Snake goddess figurine by C messier. The most well known Minoan possible religious artifact, it’s still not clear if these figurines represent a goddess, multiple goddesses or human priests.

By far the most well kown figure attributed to Minoan religion is the Queen or Mother goddess, sometimes known as “Snake Goddess” due to an abundance of figurines depicting women holding snakes. Perhaps surprisingly (or not given the second paragraph), she’s not actually attested anywhere, given that Minoan scripts haven’t yet been deciphered, but her existence can be inferred due to a variety of factors:

Several names have been speculated for this deity, usually along the lines of the author’s interpretation of Minoan scripts (which should be noted, are not only undeciphered but very likely don’t mention deities at all, since all we have seem to brief texts likely attributed to tax reports). The name “Rhea” doesn’t seem to be of Indo-European origin (Nilsson 1950, Sidwell 1981), making it very likely that this is a theonym with Minoan origins. The same applies to Ariadne (Alexiou 1969) and possibly also Athena (Beekes 2009). Conversely, the Philistine goddess is possibly attested as “Ptgyh” (Ben-Shlomo 2019), a name that is speculated to be related to Greek “Potnia”, “mistress”. In all likelihood, such an important goddess likely was known by a variety of epithets.

Fertility is naturally considered a major function of this mother goddess, but perhaps in ways one might not expect. An emphasis on solar worship has been noted due to temple arrangements and material objects such as “frying pans” with solar iconography (Ridderstad 2009), suggesting that, rather than an earth goddess as one might expect, this was a solar goddess. Solar goddesses are known from a variety of Near Eastern cultures such as Egypt (Sekhmet, Hathor), Anatolia (Arinniti, Istanu, Estan, Wurunsemu) and Canaan (Shapash) so a solar interpretation of the Minoan supreme goddess isn’t unusual. In particular, this might imply a more “chthonic” interpretation of the sun than the Classical “object in the sky”, due to temple angles tressing sunrises and sunsets (Ridderstad 2009), whch is consistent with the Hittite notions of the sun goddess ruling the underworld. Regardless, as noted below in Talos there is also possible evidence for a Minoan male sun.
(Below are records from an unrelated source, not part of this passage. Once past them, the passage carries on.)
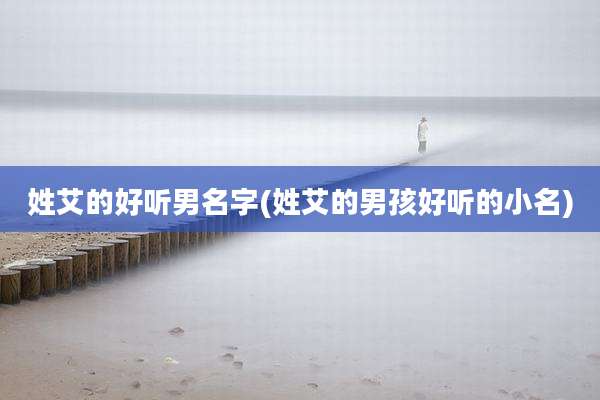 姓艾的好听男名字(姓艾的男孩好听的小名)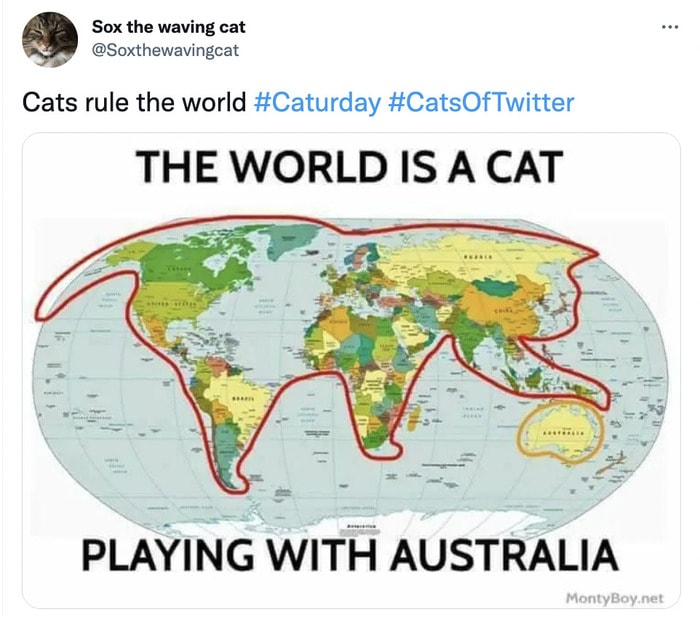 Cat memes - world is a cat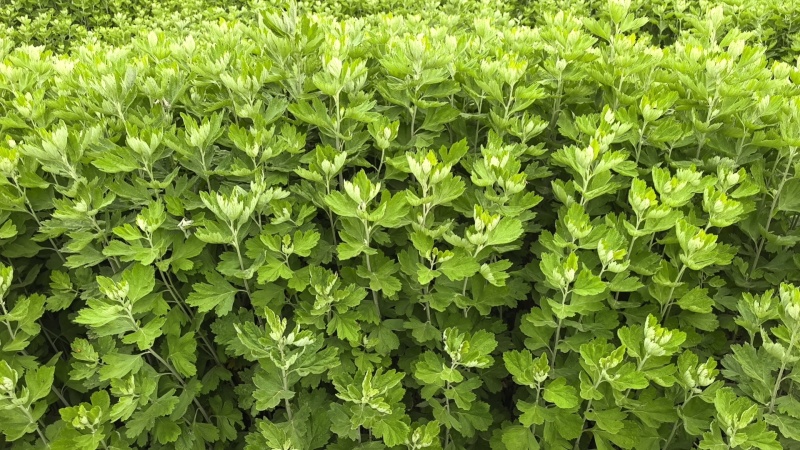 艾草基地大量出售艾草
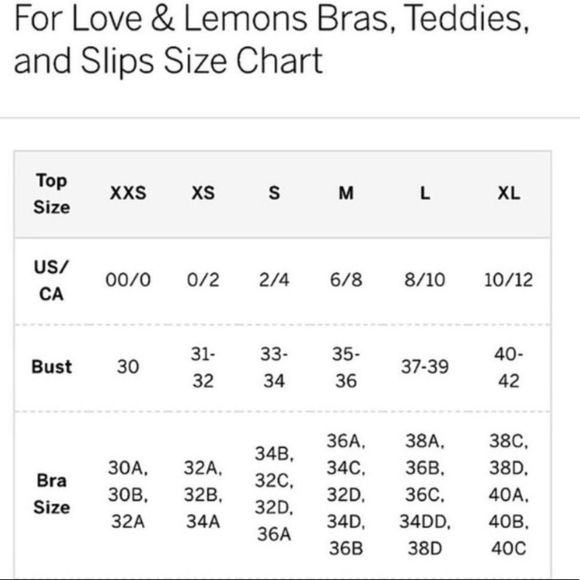 For Love And Lemons Victoria Secret Colab Daisy Longline Bra NWT L - Picture 8 of 8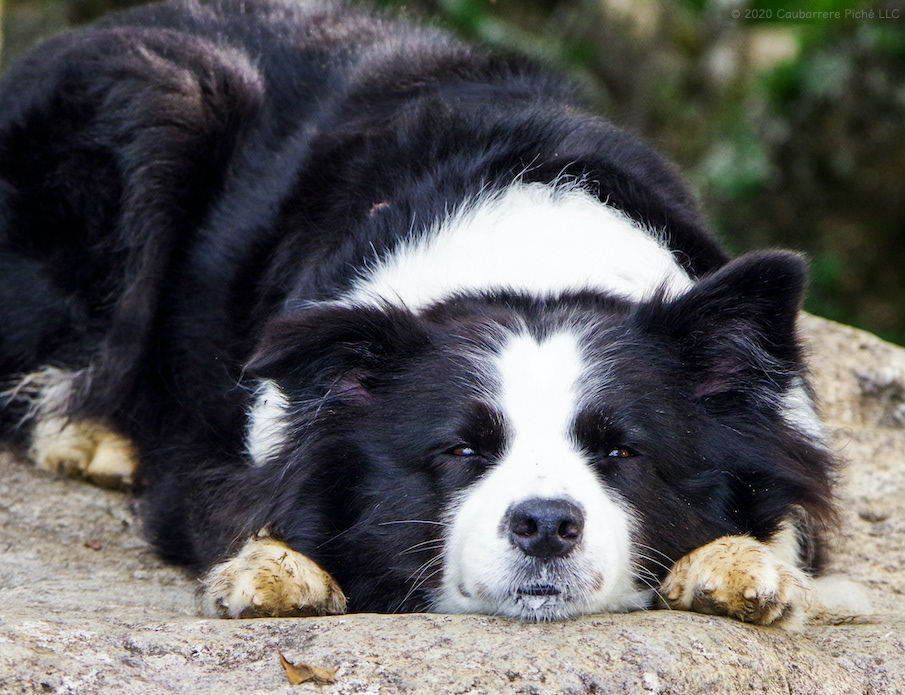 Tired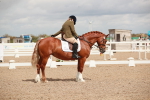SBM_05877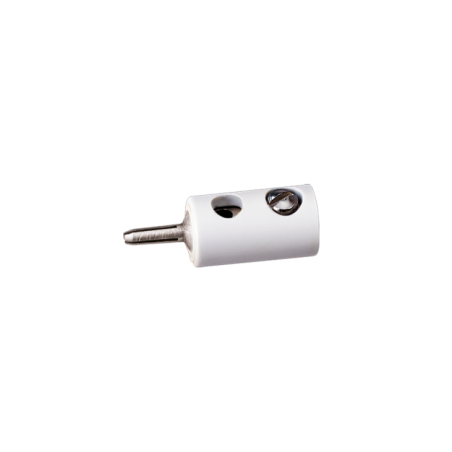 CLAVIJA MACHO BLANCO ANESTE 02
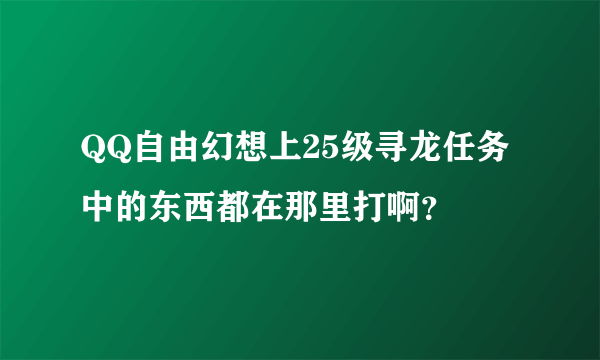 QQ自由幻想上25级寻龙任务中的东西都在那里打啊？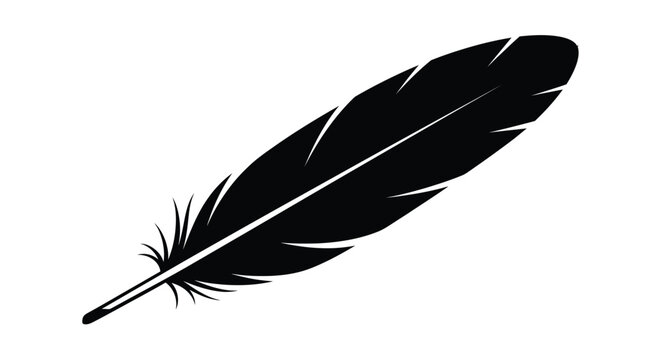 A single black feather isolated on a plain white background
More unambiguously, this goddess had a civil and possibly domestic function. As noted above snake goddess figurines might be apotropaic in nature, used to ward off evil spirits or more mundane threats like snakes. If Athena is derived from this goddess then a role as the protector of the palace is also implied given Athena’s role in the Mycenaean era, and both Ariadne and Athena are associated with weaving. Conversely, so are solar goddesses in other places, like the Baltic Saule or the Turkic Gun Ana, as the rays of the sun are easily linked to threads, further suggesting this role for the Minoan goddess. Both Rhea and Demeter are also associated with lions, animals that not only are symbolic of the sun but also of a notable sun goddess across the sea, Sekhmet.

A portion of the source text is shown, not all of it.